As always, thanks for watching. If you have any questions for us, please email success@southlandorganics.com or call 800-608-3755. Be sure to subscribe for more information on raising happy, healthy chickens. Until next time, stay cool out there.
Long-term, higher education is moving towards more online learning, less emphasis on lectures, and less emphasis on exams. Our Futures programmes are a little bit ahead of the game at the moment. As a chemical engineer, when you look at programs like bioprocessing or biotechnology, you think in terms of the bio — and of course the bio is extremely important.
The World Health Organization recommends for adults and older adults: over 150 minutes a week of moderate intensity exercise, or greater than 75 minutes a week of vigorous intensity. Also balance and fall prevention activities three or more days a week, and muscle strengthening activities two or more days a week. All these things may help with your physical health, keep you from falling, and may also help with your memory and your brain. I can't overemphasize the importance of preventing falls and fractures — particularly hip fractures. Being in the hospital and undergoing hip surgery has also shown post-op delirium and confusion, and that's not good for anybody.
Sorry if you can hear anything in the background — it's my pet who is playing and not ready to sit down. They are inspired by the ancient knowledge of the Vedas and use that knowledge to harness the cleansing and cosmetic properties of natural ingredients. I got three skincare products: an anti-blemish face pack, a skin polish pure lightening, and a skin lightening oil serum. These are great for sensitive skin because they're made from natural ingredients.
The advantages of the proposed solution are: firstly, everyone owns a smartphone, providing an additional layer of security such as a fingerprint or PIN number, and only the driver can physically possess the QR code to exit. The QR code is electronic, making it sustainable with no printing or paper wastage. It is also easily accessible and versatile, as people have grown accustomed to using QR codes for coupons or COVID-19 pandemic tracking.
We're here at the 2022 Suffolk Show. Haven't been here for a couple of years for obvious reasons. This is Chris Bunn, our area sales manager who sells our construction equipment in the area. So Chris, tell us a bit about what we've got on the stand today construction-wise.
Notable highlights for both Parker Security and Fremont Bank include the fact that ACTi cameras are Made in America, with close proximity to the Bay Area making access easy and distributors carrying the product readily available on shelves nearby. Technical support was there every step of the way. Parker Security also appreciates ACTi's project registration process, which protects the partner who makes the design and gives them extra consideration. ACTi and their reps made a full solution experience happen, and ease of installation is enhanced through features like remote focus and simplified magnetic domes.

──────

In the listing above, find the line that contains "We're here at". Write it out exactly, along with each line after it up to and including the last.

We're here at the 2022 Suffolk Show. Haven't been here for a couple of years for obvious reasons. This is Chris Bunn, our area sales manager who sells our construction equipment in the area. So Chris, tell us a bit about what we've got on the stand today construction-wise.
Notable highlights for both Parker Security and Fremont Bank include the fact that ACTi cameras are Made in America, with close proximity to the Bay Area making access easy and distributors carrying the product readily available on shelves nearby. Technical support was there every step of the way. Parker Security also appreciates ACTi's project registration process, which protects the partner who makes the design and gives them extra consideration. ACTi and their reps made a full solution experience happen, and ease of installation is enhanced through features like remote focus and simplified magnetic domes.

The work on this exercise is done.